A mixed bag of bags

Of bags and baggage and mysterious parcels

March 09, 2018 03:42 pm | Updated 03:42 pm IST - Thiruvananthapuram

 Illustration: Sreejith R. Kumar

Illustration: Sreejith R. Kumar

My son Amar came and went after a brief visit, leaving behind intriguingly shaped bags and parcels. “What should I do with them?” I called him to ask. “They are occupying all the space in your room.”

“Space is meant to be occupied,” said my pragmatic son. Astrophysicists out there, please note. “Maybe,” I responded. “But traversing your room is like practising steeple chase leaps. Whatever is inside them?”

“Clothes and some odds and ends I had collected while in Chennai and Bangalore,” he explained. “Keep what you can and throw what you can’t,” he said before signing off.

His advice reminded me of a sentence given as an example of ambiguity in an English grammar book —‘The English eat what they can and can what they can’t,’ — a sentence probably crafted by a disgruntled Scotsman after biting into jellied eels.

“When he says keep what you can, he means keep everything,” said my husband in a resigned tone. He has, for years and with negligible success, been trying to get rid of what he calls “accumulated junk” but what my son and I believe are “things-that-will-save-the world-from-certain-annihilation.”

Prized possessions

Mysterious, unopened bags are as irresistible as unread diaries; you never know what they may yield. With the eagerness of a greenhorn sleuth on his first project, I opened the first bag I tripped over. “Clothes!” I reported to my husband, as if it was an exciting find. Rule number one for a detective: “Everything, even the most ordinary item found and identified, is cause for celebration.”

“And, look, books!” “Books?” This got my husband’s attention and he joined in the voyage of discovery. “Very good books,” he exclaimed, sounding approving. “We’ll keep them all.”
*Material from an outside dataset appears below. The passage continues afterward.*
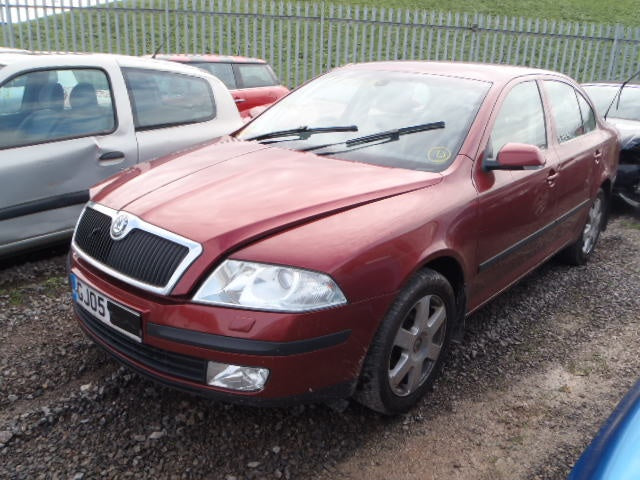 Dezmembrez Skoda Octavia 2, 2.0tdi, orice piesa!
The next couple of bags yielded more clothes. I contacted my son once again to find out what exactly he wanted kept and what he wanted disposed. I know how upsetting it is when some shabby but favourite possession is given away behind your back. “All the books and most of the clothes,” he said. “Keep the socks and the towels. The sheets and hankies too. Retain the bags, they’re all good. And everything else you think will come in handy.” Before ending the call, he asked his father to take whatever he wanted for himself.

There was a variety of T-shirts, an excellent collection with weird designs or witty quotes on them. My husband looked long and hard at one with the caption, ‘The universe is made of protons, neutrons, electrons and morons,’ and offered it to me.

“Clothes, books, books, clothes!” I muttered, stuffing the T-shirt into one of the “To Keep” bags. In fact, there was no “To Discard” bag. “Didn’t he collect anything else? Some chocolates, for instance? What about the “odds and ends” he had mentioned?”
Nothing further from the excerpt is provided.